0) Enable coredump infra in Linux using coredumpctl or so
1) Apply this series
2) Apply for the following patch to create a segfault from the library.
This will test, segfault caught by eal and forward to default Linux singal
handler.

[main]dell[dpdk.org] $ git diff
diff --git a/lib/eal/linux/eal.c b/lib/eal/linux/eal.c
index 3438a96b75..b935c32c98 100644
--- a/lib/eal/linux/eal.c
+++ b/lib/eal/linux/eal.c
@@ -1338,6 +1338,8 @@ rte_eal_init(int argc, char **argv)

        eal_mcfg_complete();

+       /* Generate a segfault */
+       *(volatile int *)0x05 = 0;
        return fctret;

 }
3)Build
meson --buildtype debug build
ninja -C build

4) Run
$ ./build/app/test/dpdk-test --no-huge  -c 0x2

Please find oops dump[1] and gdb core dump backtrace[2].
Gdb core dump trace preserves the original segfault cause and trace.

Any other concerns?
Your new oops handling duplicates existing code in our application
(and I know others that do this as well). The problem is that an
application may do this before calling rte_eal_init and your new
code will break that.
Not sure what it breaks, Could you elaborate on this? Your app signal
handler will be called with the original signal
the info it is registered before rte_eal_init().

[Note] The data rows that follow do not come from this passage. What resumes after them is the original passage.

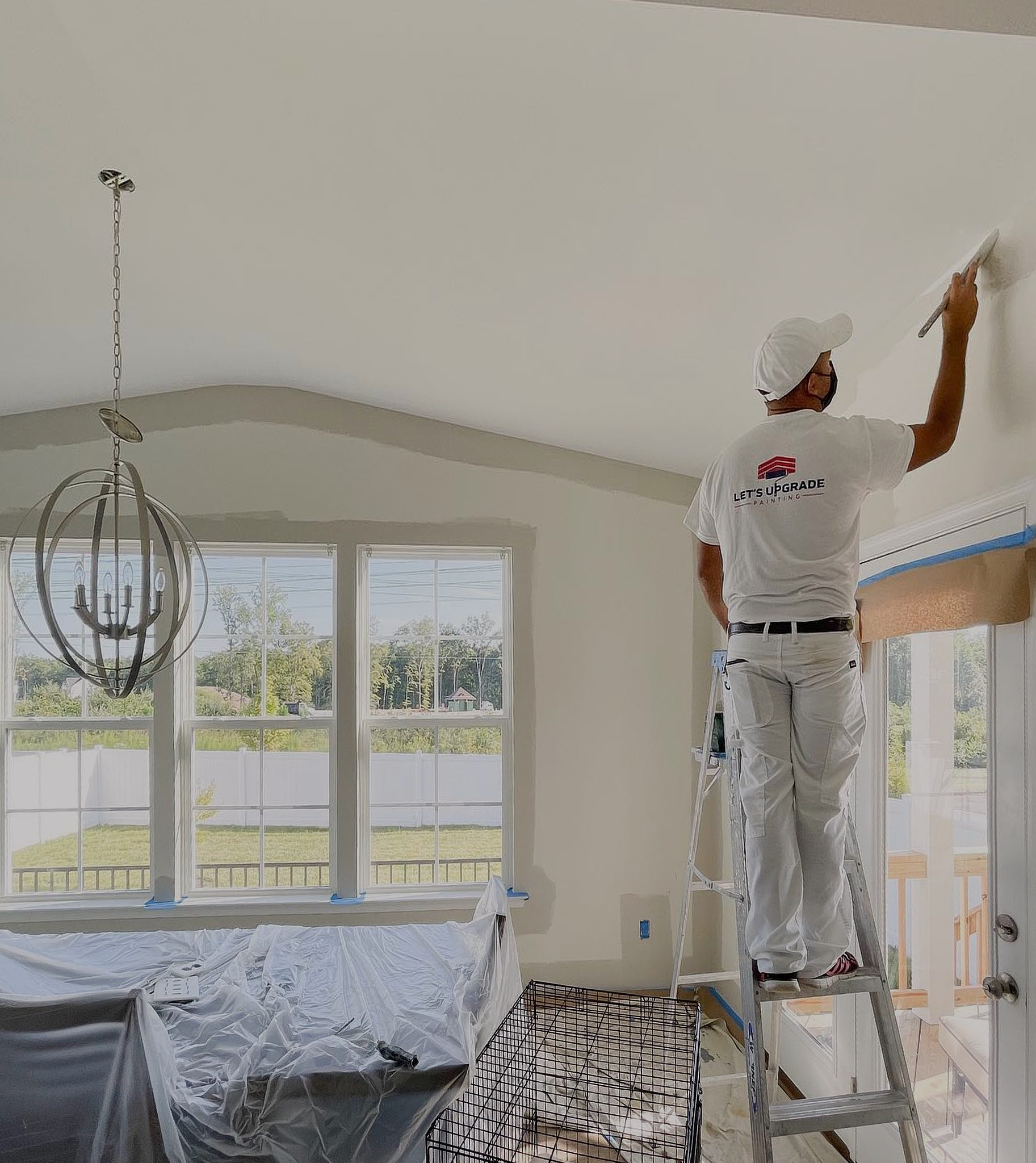 A Professional Painter From Let's Upgrade Painting Painting On A Wall Border Standing On A Wooden Stair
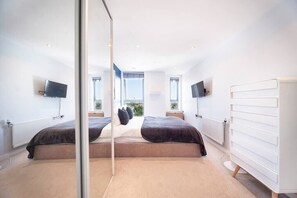 Quarto moderno com duas camas, janelas amplas e radiador branco.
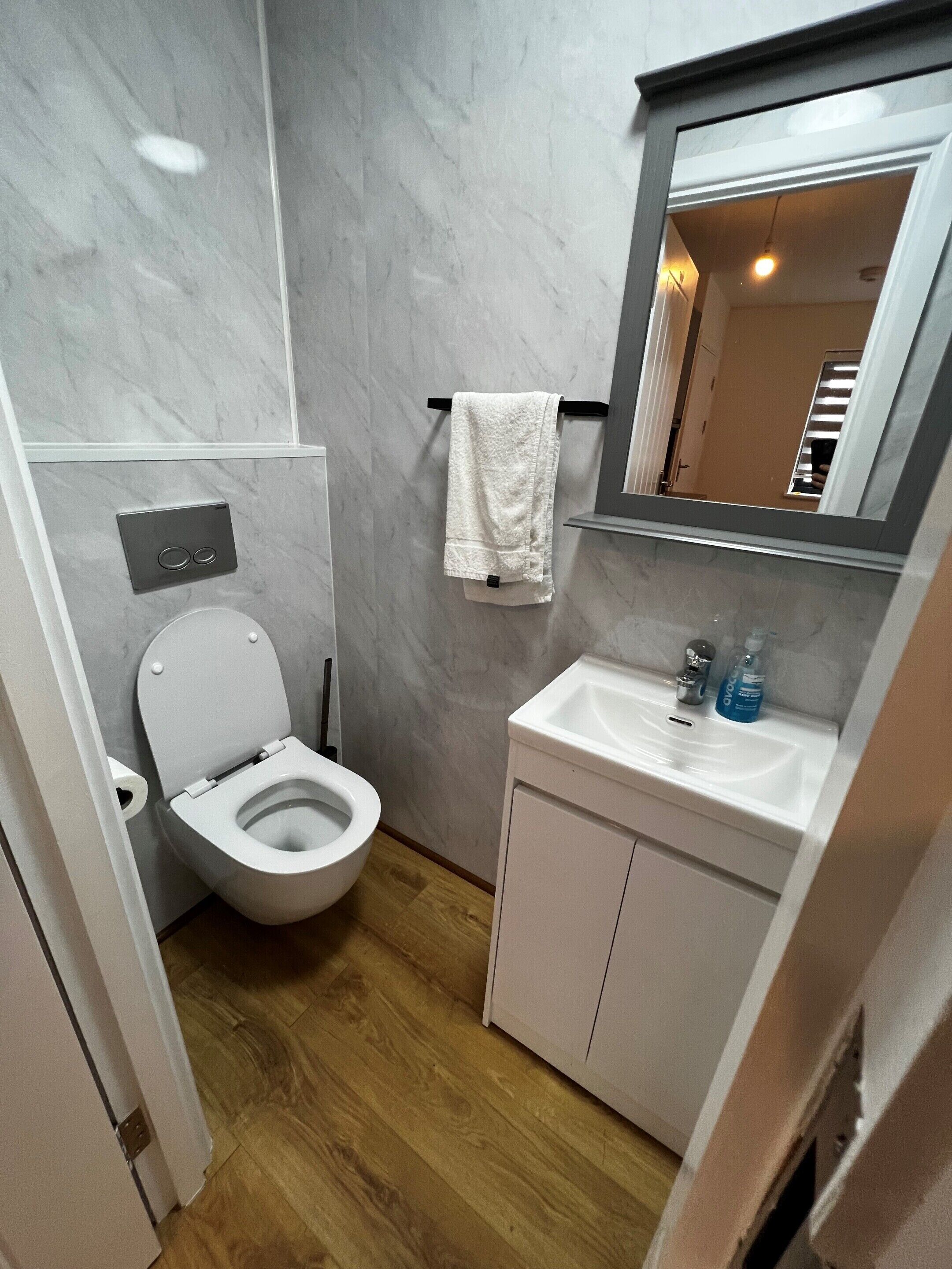 A modern bathroom with a toilet, sink, and mirror.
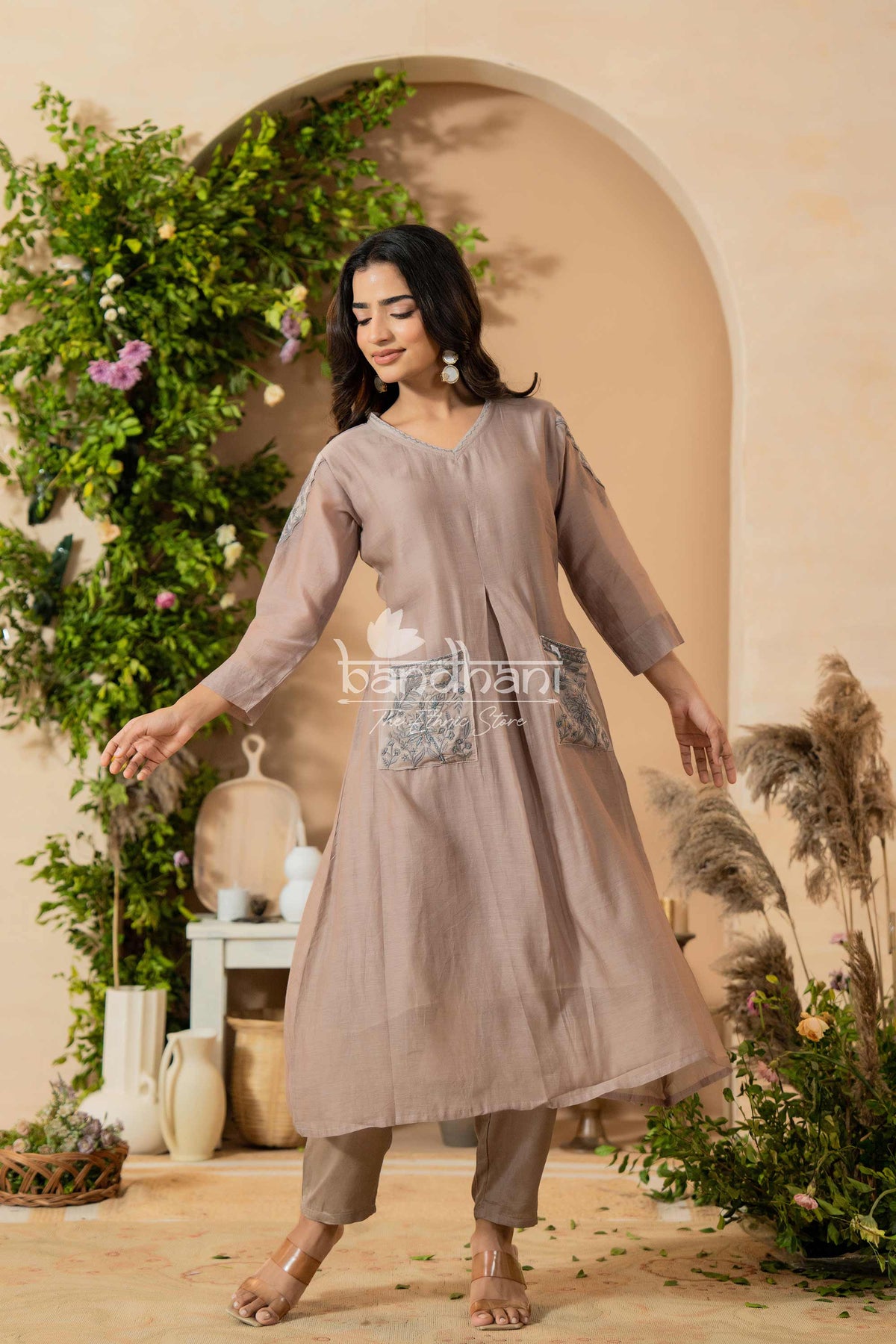 Woman in a light brown dress with floral details standing in a decorated indoor setting.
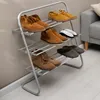 A shoe rack with various shoes and slippers on it, placed against a wall. Produktbild-Vorschau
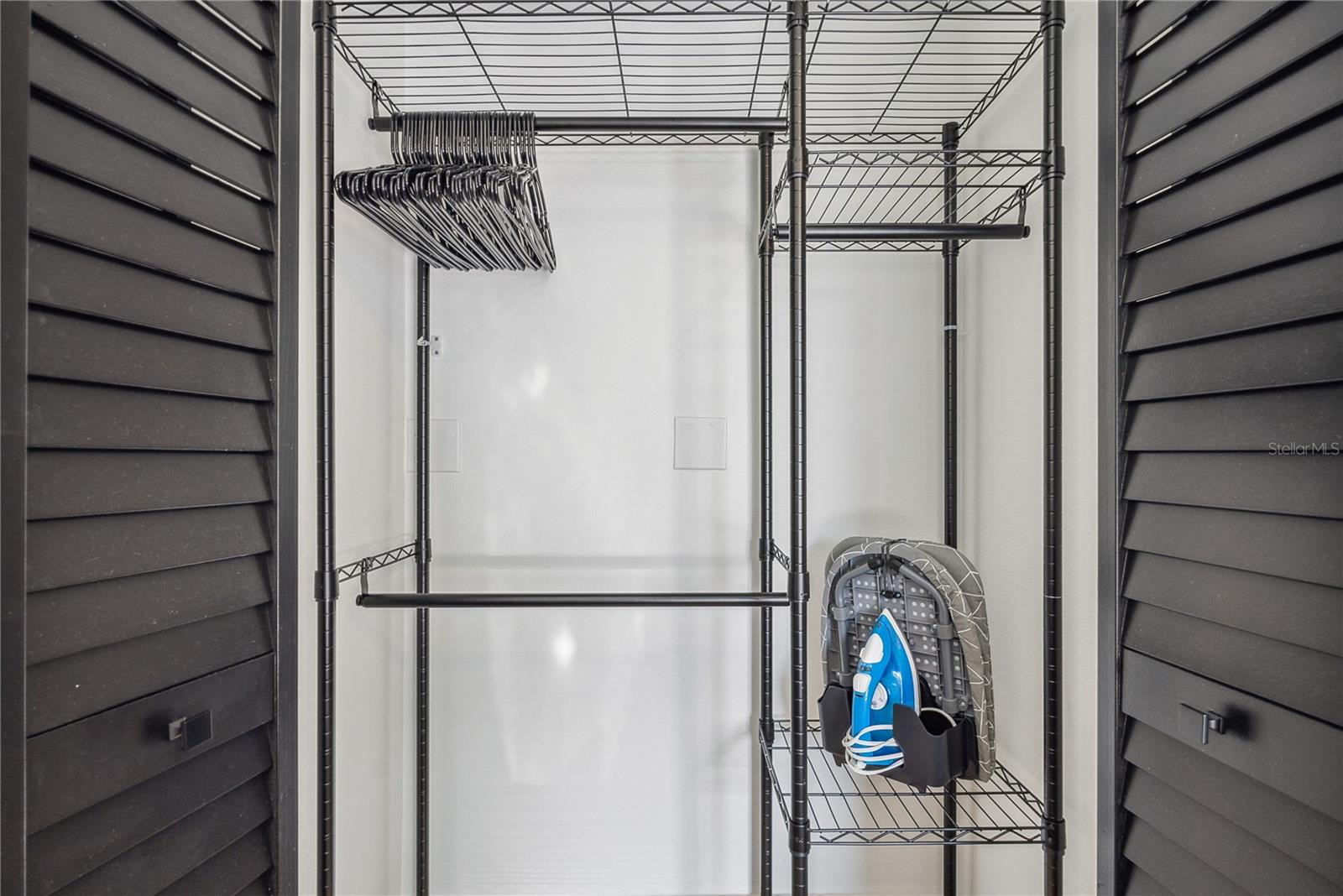 Spacious bedroom closet with storage rack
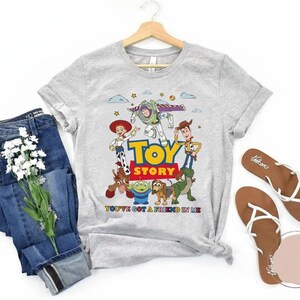 May include: A light gray t-shirt featuring the Toy Story characters with the words "TOY STORY" in large, colorful letters. The shirt also has the phrase "YOU'VE GOT A FRIEND IN ME". Blue jeans and brown sandals are also in the image.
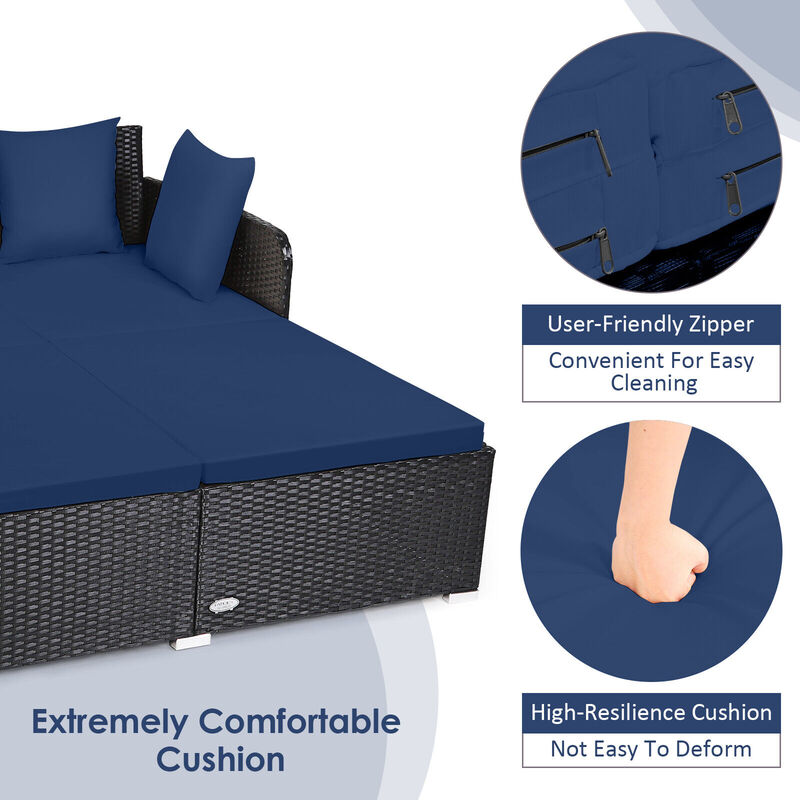 Spacious Outdoor Rattan Daybed with Upholstered Cushions and Pillows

We can have an additional API to disable the oops prints if you
insist. (Though I don't the know use case
where someone needs this other than someone don't want to see/log this
print). If that is rational,
I can add API to disable oops print it. I prefer to install it by
default as it won't break anything and it helps
to not add oops API in existing apps i.e without calling any
additional features in all existing applications.
Therefore my recommendation is that the new oops handling needs
to be not a built in feature of EAL.